**WHAT IS BEING ASKED:**
Please copy each line of the records below that holds the word "from".

━━ INPUT DATA

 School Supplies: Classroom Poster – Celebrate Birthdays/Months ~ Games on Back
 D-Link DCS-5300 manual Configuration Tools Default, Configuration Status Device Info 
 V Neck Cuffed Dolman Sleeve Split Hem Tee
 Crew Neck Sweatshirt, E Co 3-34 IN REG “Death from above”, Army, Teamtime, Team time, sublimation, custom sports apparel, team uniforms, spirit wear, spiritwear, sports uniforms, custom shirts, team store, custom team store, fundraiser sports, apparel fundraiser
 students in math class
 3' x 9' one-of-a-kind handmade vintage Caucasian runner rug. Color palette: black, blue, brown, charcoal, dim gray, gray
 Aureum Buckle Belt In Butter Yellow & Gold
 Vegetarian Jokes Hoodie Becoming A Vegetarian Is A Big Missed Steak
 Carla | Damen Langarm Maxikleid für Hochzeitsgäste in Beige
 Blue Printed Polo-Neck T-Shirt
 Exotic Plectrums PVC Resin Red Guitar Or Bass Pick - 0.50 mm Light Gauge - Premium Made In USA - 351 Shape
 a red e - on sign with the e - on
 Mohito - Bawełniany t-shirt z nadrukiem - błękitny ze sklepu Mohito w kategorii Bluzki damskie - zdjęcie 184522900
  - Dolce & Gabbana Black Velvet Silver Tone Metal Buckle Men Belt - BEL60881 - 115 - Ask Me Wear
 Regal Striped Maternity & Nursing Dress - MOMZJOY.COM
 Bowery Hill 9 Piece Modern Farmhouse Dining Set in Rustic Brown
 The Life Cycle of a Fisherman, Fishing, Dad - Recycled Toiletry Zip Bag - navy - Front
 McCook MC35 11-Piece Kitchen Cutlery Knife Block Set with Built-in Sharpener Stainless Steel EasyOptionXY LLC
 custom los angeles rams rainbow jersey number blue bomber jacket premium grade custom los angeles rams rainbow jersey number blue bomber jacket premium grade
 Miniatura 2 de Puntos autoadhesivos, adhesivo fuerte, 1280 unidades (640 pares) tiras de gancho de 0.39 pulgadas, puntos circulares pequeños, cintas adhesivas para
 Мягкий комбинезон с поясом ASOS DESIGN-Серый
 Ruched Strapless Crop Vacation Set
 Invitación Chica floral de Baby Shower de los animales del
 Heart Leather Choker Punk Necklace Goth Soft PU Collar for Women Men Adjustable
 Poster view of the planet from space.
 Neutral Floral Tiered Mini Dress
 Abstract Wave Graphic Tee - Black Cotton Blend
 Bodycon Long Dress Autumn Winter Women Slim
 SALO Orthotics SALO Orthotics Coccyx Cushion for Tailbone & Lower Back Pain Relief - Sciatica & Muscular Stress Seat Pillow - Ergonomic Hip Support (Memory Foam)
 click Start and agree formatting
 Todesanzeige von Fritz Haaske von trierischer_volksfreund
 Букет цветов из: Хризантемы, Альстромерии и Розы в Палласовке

━━━━

**TASK RESPONSE:**
 Crew Neck Sweatshirt, E Co 3-34 IN REG “Death from above”, Army, Teamtime, Team time, sublimation, custom sports apparel, team uniforms, spirit wear, spiritwear, sports uniforms, custom shirts, team store, custom team store, fundraiser sports, apparel fundraiser
 Poster view of the planet from space.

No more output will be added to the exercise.